DATA PROVIDED:
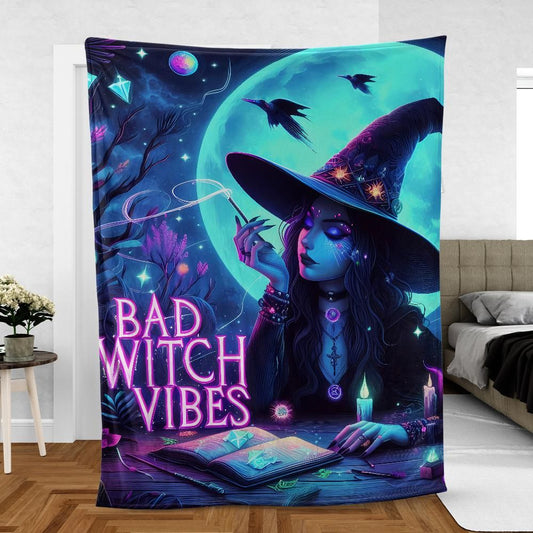 Bad Witch Vibes Gothic Witch Blanket for Halloween Decor-MoonChildWorld
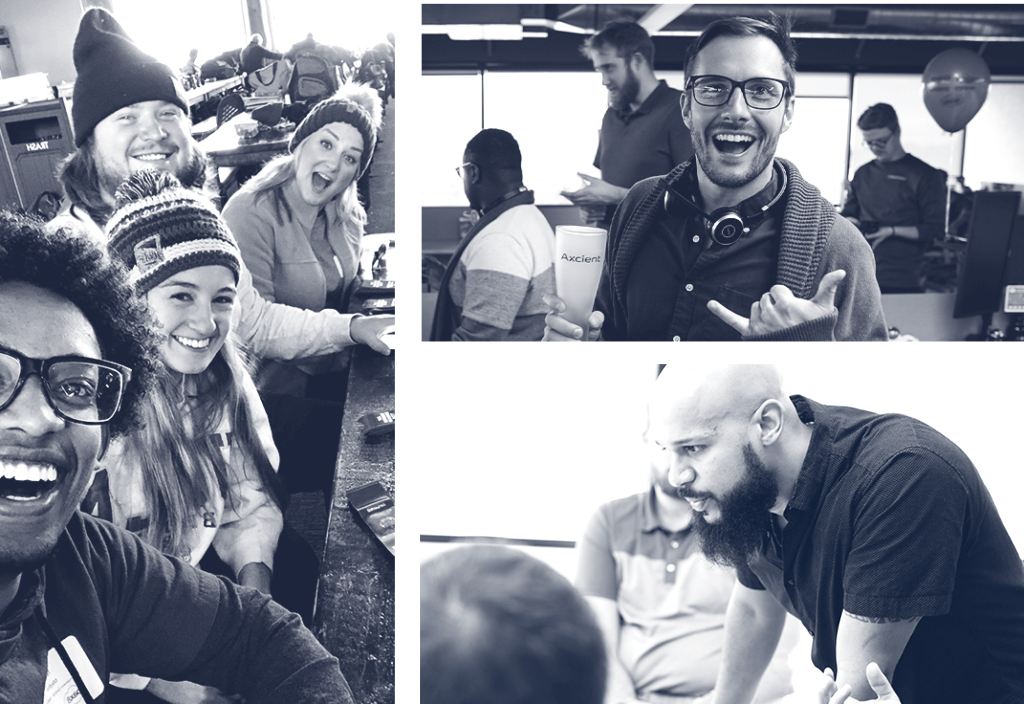 Collage of people working at Pax8 in their careers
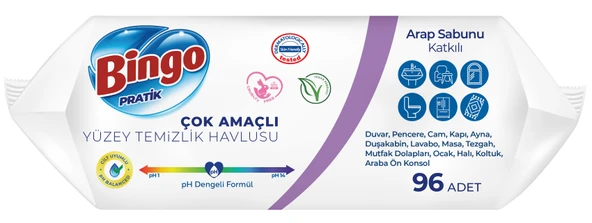 Bingo Clean Yüzey Temizlik Havlusu 96 Yaprak Lavanta Kokulu Plastik Kapaklı (12 Li Set) 1152 Yaprak - Resim 6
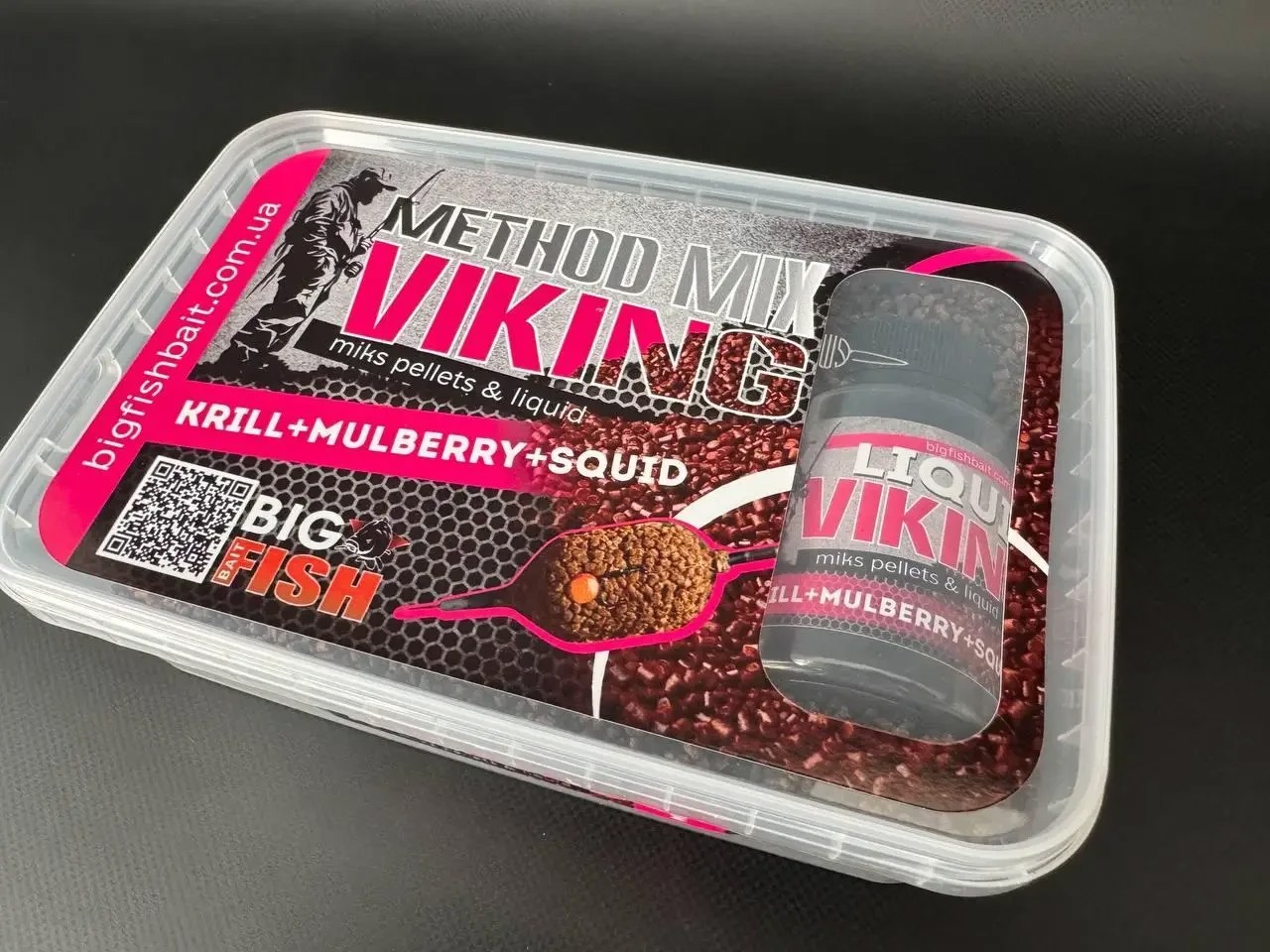 Метод мікс + ліквід Big fish VIKING krill, mulberry, squid криль, шовковиця, кальмар 400 гр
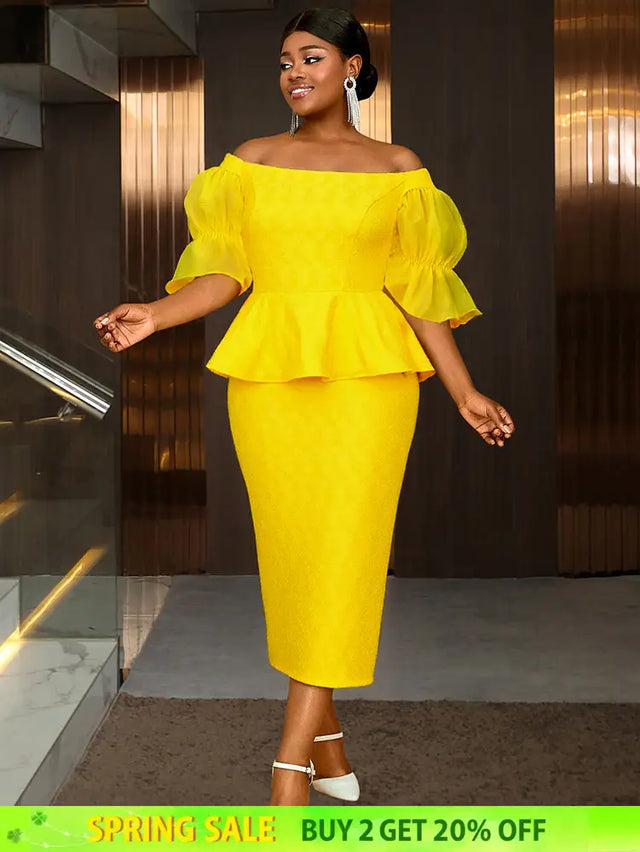 AOMEIDRESS Elegant Lace Off Shoulder Peplum Dress for Party Wedding Yellow / 0XL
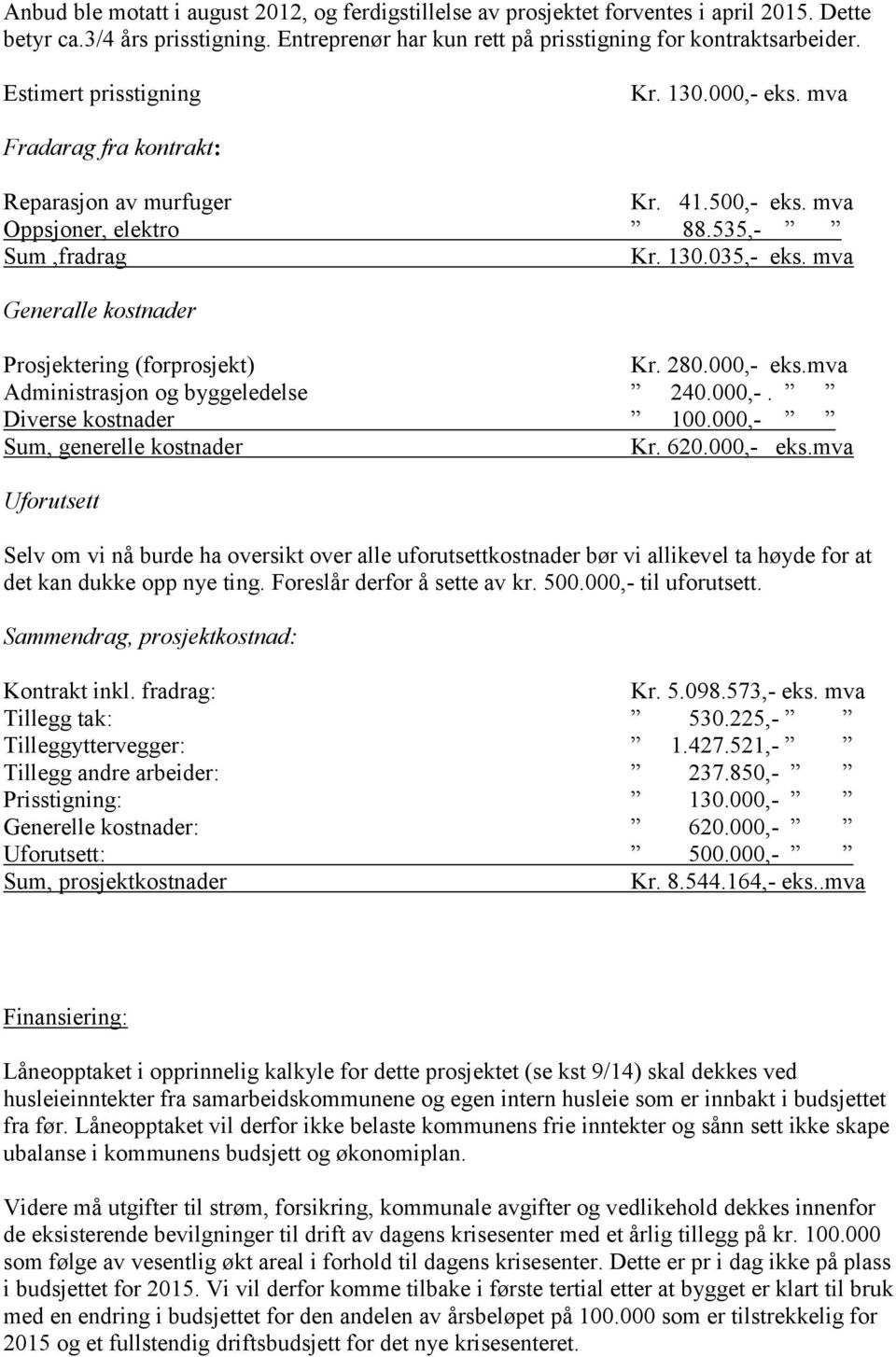 mva Generalle kostnader Prosjektering (forprosjekt) Kr. 280.000,- eks.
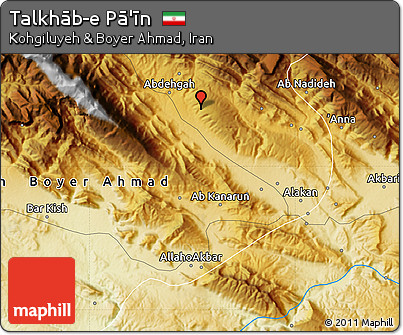 Physical Map of Talkhāb-e Pā'īn
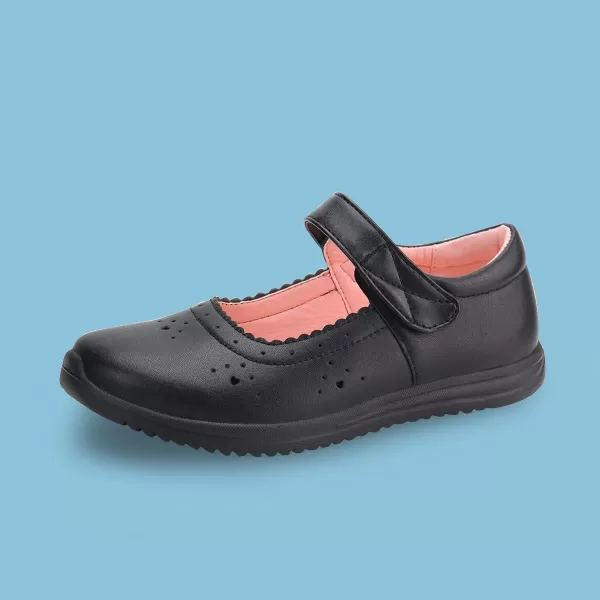 JABASIC Girls School Shoes Kids Dress Mary Jane FlatsBlack1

INSTRUCTIONS FOR THE TASK:
In your transcription of the listing above, match each line exactly and include no pictures.

SOLVED PROBLEM:
 Bad Witch Vibes Gothic Witch Blanket for Halloween Decor-MoonChildWorld
 Collage of people working at Pax8 in their careers
 Bingo Clean Yüzey Temizlik Havlusu 96 Yaprak Lavanta Kokulu Plastik Kapaklı (12 Li Set) 1152 Yaprak - Resim 6
 Метод мікс + ліквід Big fish VIKING krill, mulberry, squid криль, шовковиця, кальмар 400 гр
 AOMEIDRESS Elegant Lace Off Shoulder Peplum Dress for Party Wedding Yellow / 0XL
 mva Generalle kostnader Prosjektering (forprosjekt) Kr. 280.000,- eks.
 Physical Map of Talkhāb-e Pā'īn
 JABASIC Girls School Shoes Kids Dress Mary Jane FlatsBlack1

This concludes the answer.